HSBC Bank started inquiry into two “fraudulent” documents over the weekend
HSBC Bank Malta plc has made no official statement about the matter of apparently fraudulent documents reported here. Informed sources, however, confirmed today that the bank began its inquiry immediately the report was published on this website, and that “the matter has been escalated to regional director level”.
The story broke last Friday evening, after I uploaded two HSBC ‘information reports’ pertaining to the Prime Minister’s chief of staff, Keith Schembri, and his managing director at Kasco Ltd, Malcolm Scerri. These were character references addressed to Brian Tonna’s company, BTI Management Ltd, which Tonna then used to secure changes to the companies which these two individuals already held secretly in the British Virgin Islands.

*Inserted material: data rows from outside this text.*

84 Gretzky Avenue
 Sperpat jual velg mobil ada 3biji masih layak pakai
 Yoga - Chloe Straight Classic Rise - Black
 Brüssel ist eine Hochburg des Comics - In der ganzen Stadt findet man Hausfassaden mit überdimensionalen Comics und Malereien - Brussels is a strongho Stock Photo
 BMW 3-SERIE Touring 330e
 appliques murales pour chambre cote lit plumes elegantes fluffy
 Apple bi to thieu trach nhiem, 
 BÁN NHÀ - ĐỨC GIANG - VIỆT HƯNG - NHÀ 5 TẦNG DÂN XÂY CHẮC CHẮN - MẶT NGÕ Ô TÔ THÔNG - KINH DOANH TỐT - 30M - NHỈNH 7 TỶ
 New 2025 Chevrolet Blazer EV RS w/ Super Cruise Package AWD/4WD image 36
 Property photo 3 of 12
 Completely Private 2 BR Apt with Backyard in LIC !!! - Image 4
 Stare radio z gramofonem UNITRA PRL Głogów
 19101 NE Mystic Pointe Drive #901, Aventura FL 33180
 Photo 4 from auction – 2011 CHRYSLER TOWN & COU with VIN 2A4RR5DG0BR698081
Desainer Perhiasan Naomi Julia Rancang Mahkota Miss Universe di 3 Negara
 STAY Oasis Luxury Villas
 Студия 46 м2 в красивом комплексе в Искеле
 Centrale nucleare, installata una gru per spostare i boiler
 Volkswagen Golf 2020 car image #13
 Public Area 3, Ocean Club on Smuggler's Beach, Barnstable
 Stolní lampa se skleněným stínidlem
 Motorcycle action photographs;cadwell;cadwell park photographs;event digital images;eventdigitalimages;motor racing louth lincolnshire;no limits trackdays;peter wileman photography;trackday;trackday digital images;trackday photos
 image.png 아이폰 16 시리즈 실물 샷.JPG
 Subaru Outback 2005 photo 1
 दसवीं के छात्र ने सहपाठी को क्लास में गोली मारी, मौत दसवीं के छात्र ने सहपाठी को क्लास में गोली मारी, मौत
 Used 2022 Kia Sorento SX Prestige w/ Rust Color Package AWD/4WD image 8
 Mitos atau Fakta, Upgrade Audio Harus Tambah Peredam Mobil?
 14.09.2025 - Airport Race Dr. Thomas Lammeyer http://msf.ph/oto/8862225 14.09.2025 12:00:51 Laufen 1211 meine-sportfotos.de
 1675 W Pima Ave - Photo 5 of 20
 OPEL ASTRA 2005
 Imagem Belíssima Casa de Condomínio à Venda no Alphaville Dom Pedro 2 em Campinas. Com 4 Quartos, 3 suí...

Minutes after I uploaded PDFs of the bank documents, current employees of HSBC Bank Malta and former senior staff contacted me privately to point out that the documents, both purportedly issued by HSBC’s Attard branch, are dated May 2013 – but that branch had closed in February the year before. They also said that in May 2013, the bank had already ceased issuing information reports like those from individual branches, but had centralised them at the main office.
One former senior executive told me: “Those documents are clearly forged.” When the story broke, the bank’s executive offices were already closed for the weekend, and press questions this morning were directed to the bank’s public relations handlers, BPC International, with the sole response given being that the bank does not give information about clients.
A source at senior level, however, confirmed that the inquiry began at once and that it is being taken very seriously.
Forging bank documents is a crime. Forgery by a member of a warrant-holding profession can lead to the loss of that warrant, and when forgery is committed by a public officer, it can lead to interdiction.
There will be no prosecution, however, unless the bank makes a formal report to the police.